╭──
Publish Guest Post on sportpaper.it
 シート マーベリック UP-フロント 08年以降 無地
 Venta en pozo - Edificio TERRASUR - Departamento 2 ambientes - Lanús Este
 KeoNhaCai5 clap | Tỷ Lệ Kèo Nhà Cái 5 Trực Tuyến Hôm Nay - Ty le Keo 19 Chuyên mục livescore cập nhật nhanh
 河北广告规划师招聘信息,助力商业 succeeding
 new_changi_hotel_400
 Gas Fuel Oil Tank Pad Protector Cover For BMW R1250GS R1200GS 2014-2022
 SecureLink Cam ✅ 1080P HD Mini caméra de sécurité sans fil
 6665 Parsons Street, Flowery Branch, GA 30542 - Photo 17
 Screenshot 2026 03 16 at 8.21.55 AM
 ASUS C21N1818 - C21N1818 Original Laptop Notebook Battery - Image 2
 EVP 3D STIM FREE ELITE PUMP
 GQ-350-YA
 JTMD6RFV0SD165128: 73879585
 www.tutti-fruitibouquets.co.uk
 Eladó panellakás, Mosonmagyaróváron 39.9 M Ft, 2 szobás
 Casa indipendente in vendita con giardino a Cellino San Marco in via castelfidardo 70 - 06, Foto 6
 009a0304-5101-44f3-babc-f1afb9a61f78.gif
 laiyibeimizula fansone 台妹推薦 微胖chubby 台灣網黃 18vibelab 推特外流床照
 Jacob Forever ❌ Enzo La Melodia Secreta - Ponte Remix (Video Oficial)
╰──
- _What is required_
Here the job is to output the lines from the start of the material through the line with "JTMD6RFV0SD165128: 73879585", inclusive, exactly and with nothing else.

- _Response to this task_
Publish Guest Post on sportpaper.it
 シート マーベリック UP-フロント 08年以降 無地
 Venta en pozo - Edificio TERRASUR - Departamento 2 ambientes - Lanús Este
 KeoNhaCai5 clap | Tỷ Lệ Kèo Nhà Cái 5 Trực Tuyến Hôm Nay - Ty le Keo 19 Chuyên mục livescore cập nhật nhanh
 河北广告规划师招聘信息,助力商业 succeeding
 new_changi_hotel_400
 Gas Fuel Oil Tank Pad Protector Cover For BMW R1250GS R1200GS 2014-2022
 SecureLink Cam ✅ 1080P HD Mini caméra de sécurité sans fil
 6665 Parsons Street, Flowery Branch, GA 30542 - Photo 17
 Screenshot 2026 03 16 at 8.21.55 AM
 ASUS C21N1818 - C21N1818 Original Laptop Notebook Battery - Image 2
 EVP 3D STIM FREE ELITE PUMP
 GQ-350-YA
 JTMD6RFV0SD165128: 73879585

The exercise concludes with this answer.